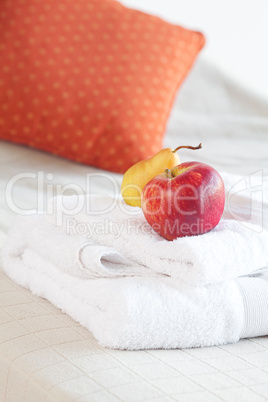 cup of tea,apple and pear on the bed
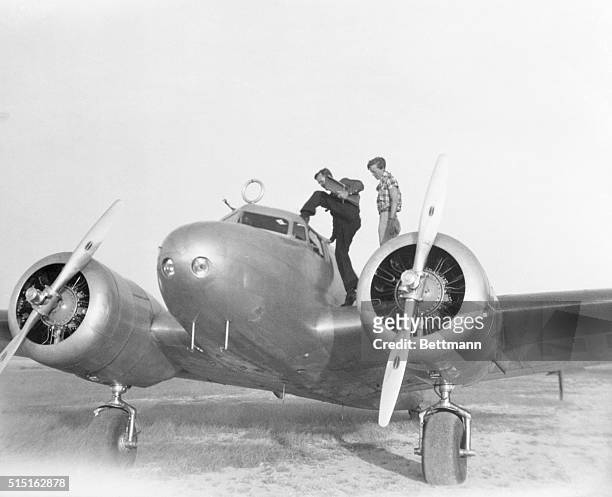 Captain Fred Noonan and pilot Amelia Earhart enter their Lockheed Electra 10E in San Juan, Puerto Rico, during Earhart's around-the-world flight...
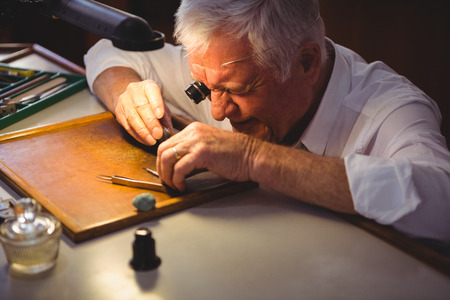 Horologist repairing a watch in the workshopの写真素材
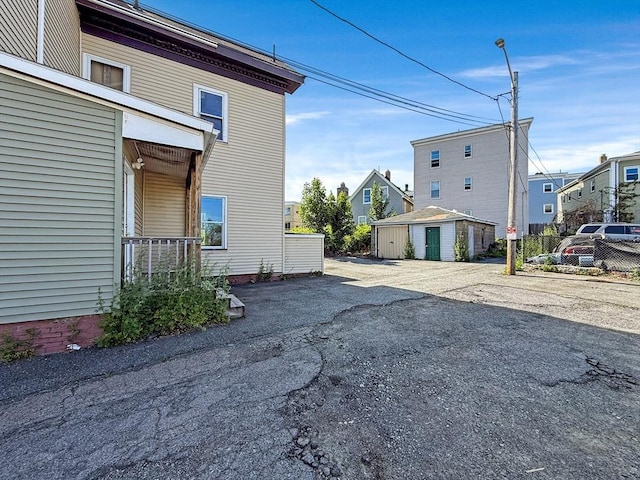 19 High St, Lynn, MA 01902 - view of home's exterior featuring a residential view and a storage shed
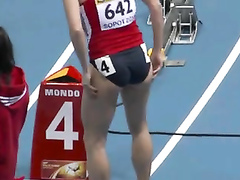 Athletic woman runs around the track in a flimsy outfit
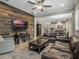 Spacious living room with a leather sofa, wood accent wall, and an open layout to the kitchen and dining area at 1034 Huntspoint St, Winter Garden, FL 34787
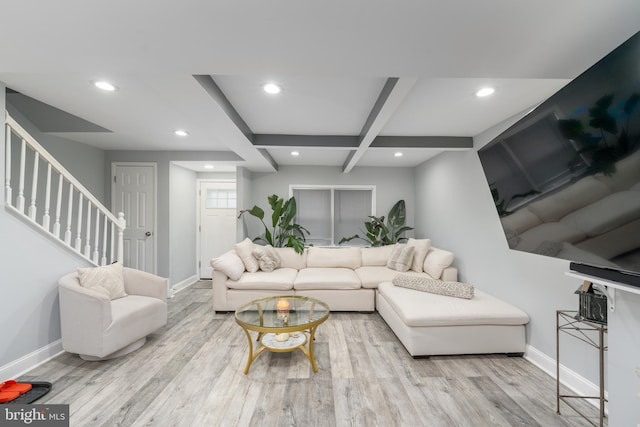 living room featuring beamed ceiling and light hardwood / wood-style flooring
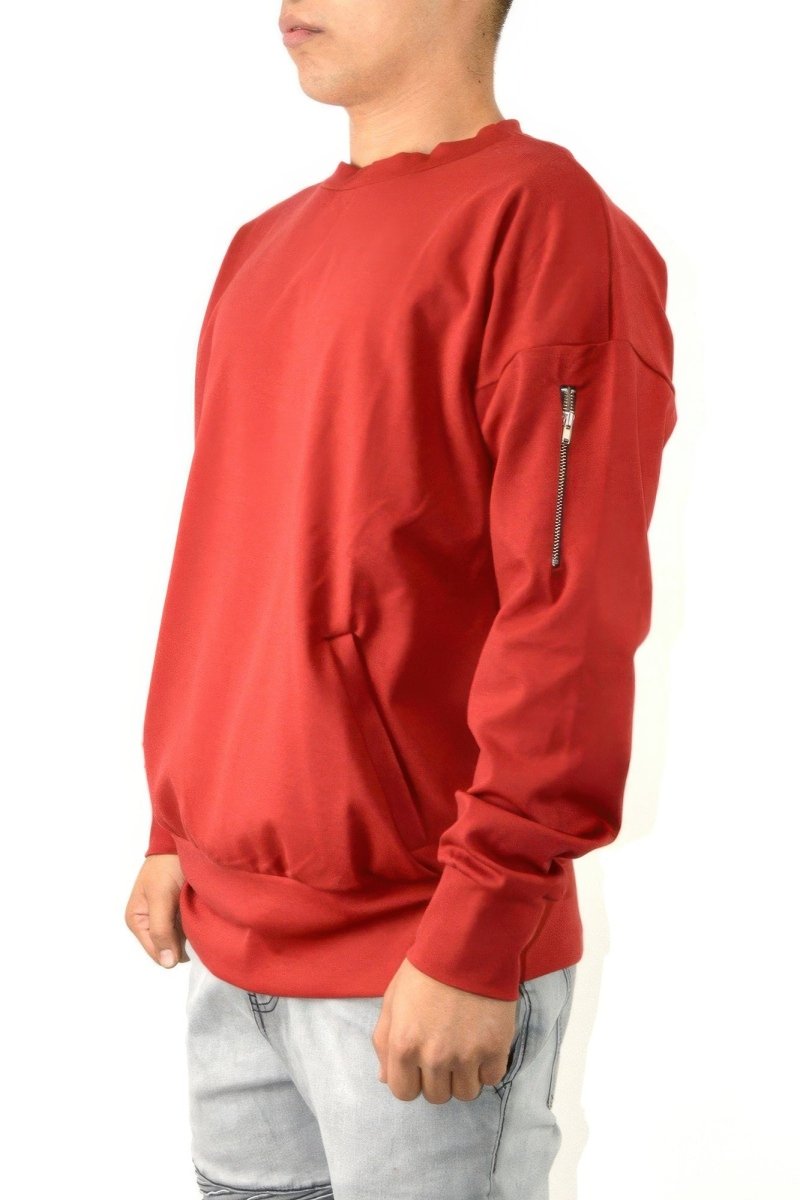 Red long-sleeve shirt worn by a person on a white background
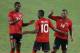 HOUSTON, TX - JULY 15: Jamal Gay #23, Kevin Molino #10 and Andre Boucaud #14 of Trinidad & Tobago celebrate after defeating Honduras 2-0 during the CONCACAF Gold Cup game at BBVA Compass Stadium on July 15, 2013 in Houston, Texas. (Photo by Scott Halleran/Getty Images)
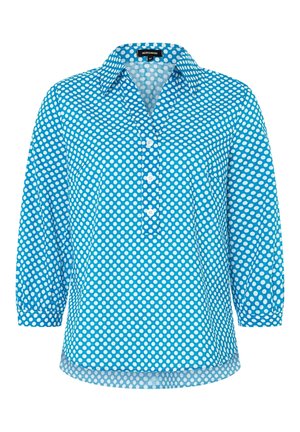Chemise bleu à boutons avec des pois blancs, dotée d'un col, de manches trois-quarts et d'une poche avant. Fabriquée en tissu léger.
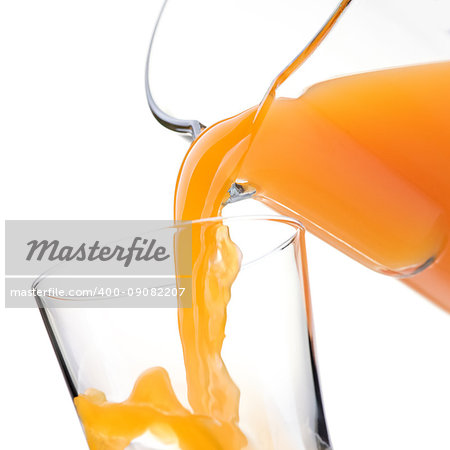 Pouring refreshing natural orange juice into a glass: nutrition and healthy drinks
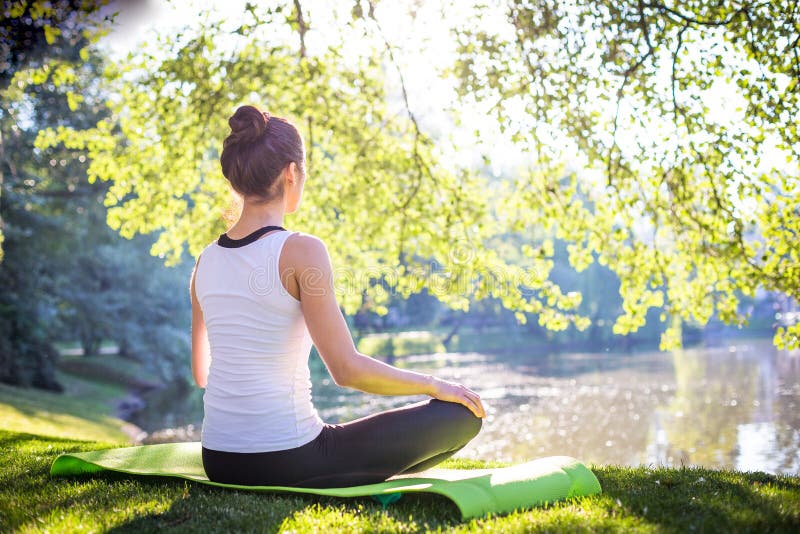Mujer joven que hace yoga en parque de la mañana cerca del lago foto de archivo libre de regalías Mujer joven que hace yoga en parque de la mañana cerca del lago foto de archivo libre de regalías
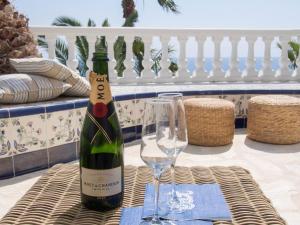 Una botella de vino y dos copas en una mesa. en Frontline villa, five star deluxe, en El Campello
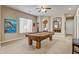 Game room boasting a pool table and natural light from a large window at 3660 S Golden Eye Ln, Gold Canyon, AZ 85118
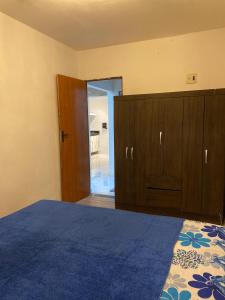 an empty bedroom with a bed and wooden cabinets at Espaço Nossa Casa, Piscina e churrasqueira Privativas in Paulista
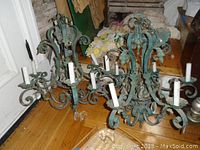 Two matching antique chandeliers with green patina, multiple scroll arms, and candle-style bulb holders shown on wood floor.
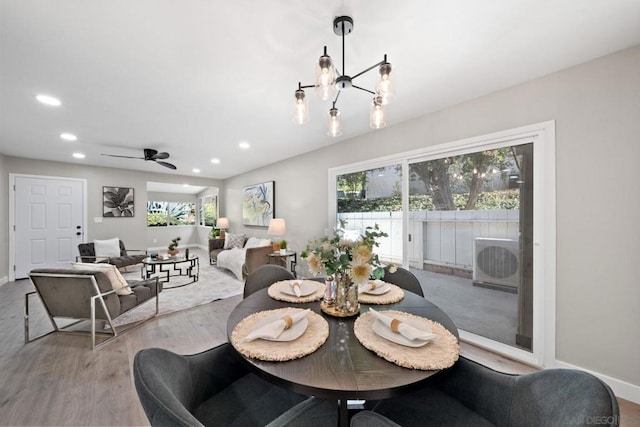 dining room with ceiling fan with notable chandelier, a healthy amount of sunlight, and light hardwood / wood-style flooring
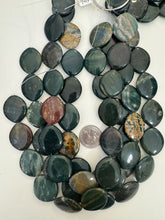 yellow green bloodstone, 29x24x6mm horse eye, 15" strand,  SOLD PER STRAND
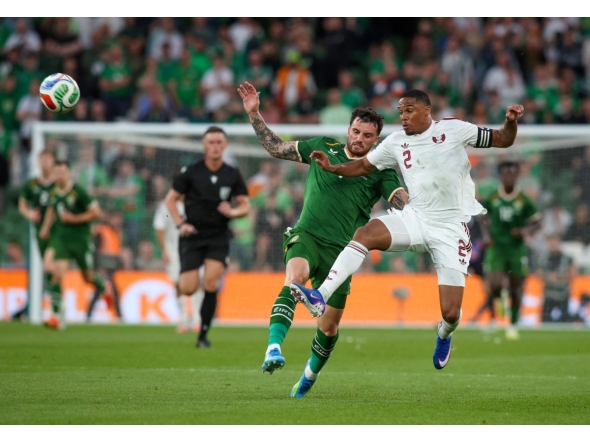 Ireland’s Troy Parrott (left) battles for the ball with Qatar’s Pedro Miguel. (AFP)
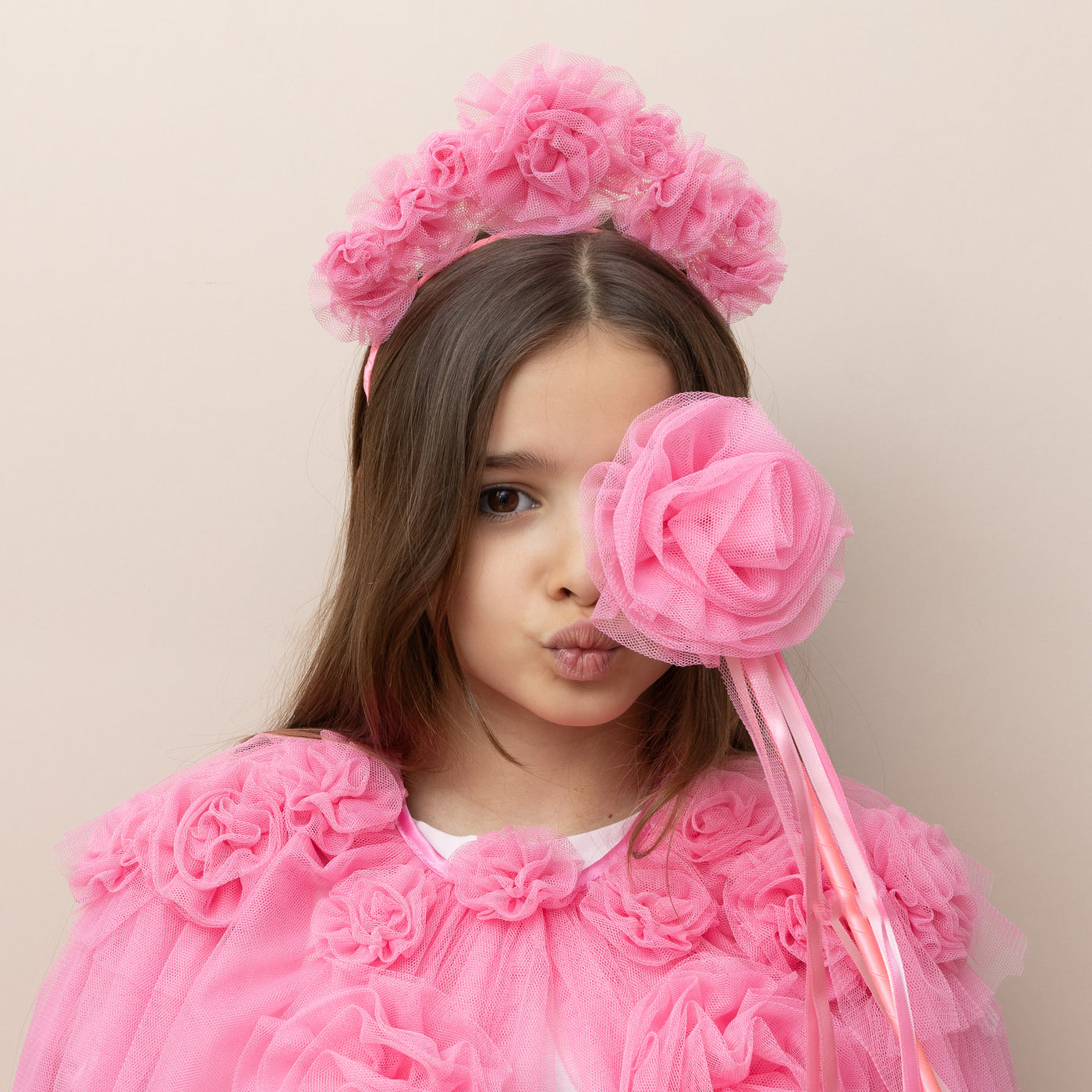 Dark haired little girl wearing a bright pink ruffle flower tulle cape with matching headband and tulle flower wand with ribbons 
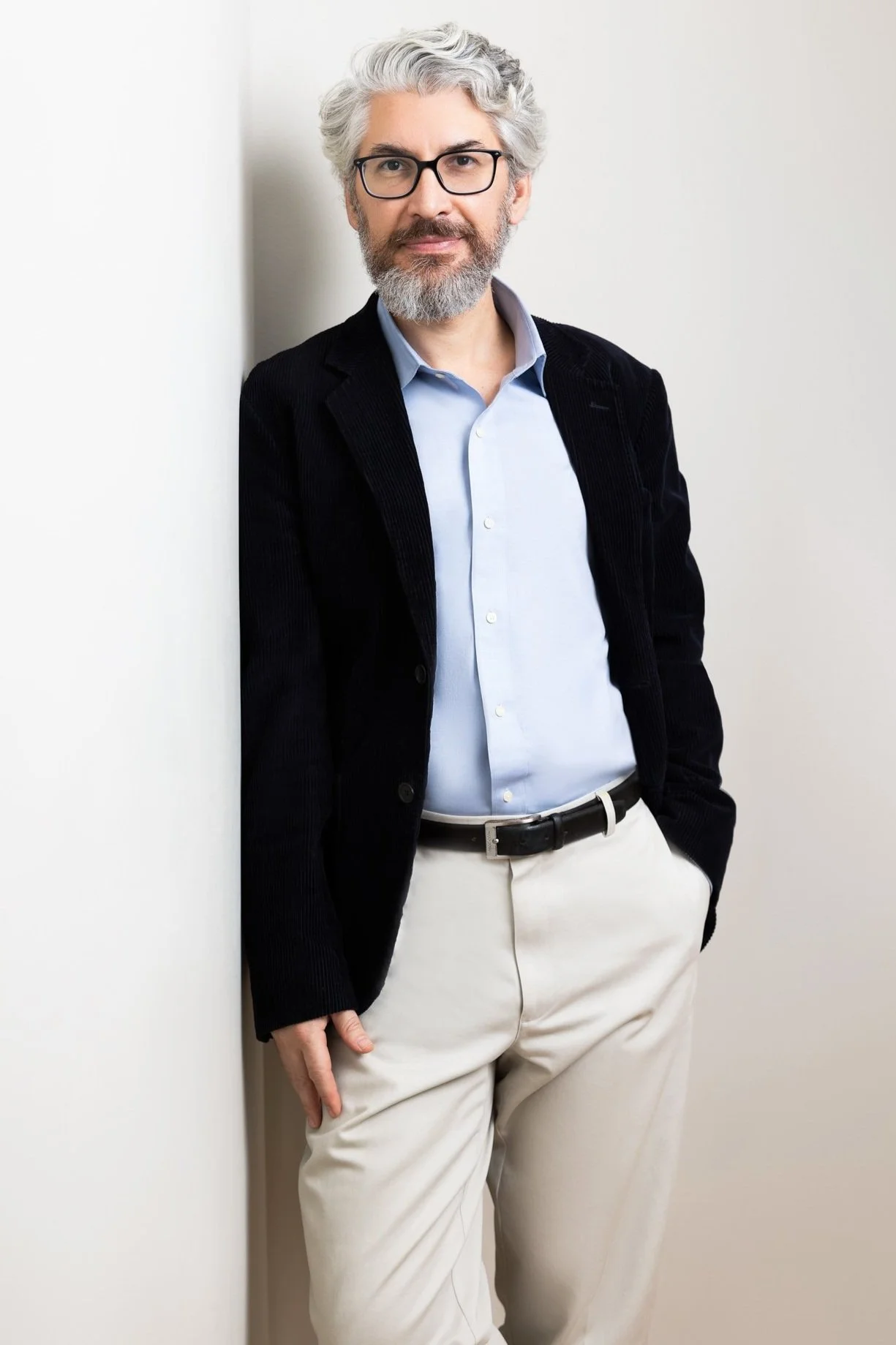 A man with gray hair, beard, and glasses leaning against a white wall, wearing a light blue shirt, dark blazer, and cream-colored pants.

****************************************

Work request >> Set down exactly and only the lines from the start of the entries above through the line containing "Red long-sleeve shirt", both ends included, omitting the pictures.

Written response >>
 cup of tea,apple and pear on the bed
 Captain Fred Noonan and pilot Amelia Earhart enter their Lockheed Electra 10E in San Juan, Puerto Rico, during Earhart's around-the-world flight...
 Horologist repairing a watch in the workshopの写真素材
 19 High St, Lynn, MA 01902 - view of home's exterior featuring a residential view and a storage shed
 Athletic woman runs around the track in a flimsy outfit
 Spacious living room with a leather sofa, wood accent wall, and an open layout to the kitchen and dining area at 1034 Huntspoint St, Winter Garden, FL 34787
 living room featuring beamed ceiling and light hardwood / wood-style flooring
 Red long-sleeve shirt worn by a person on a white background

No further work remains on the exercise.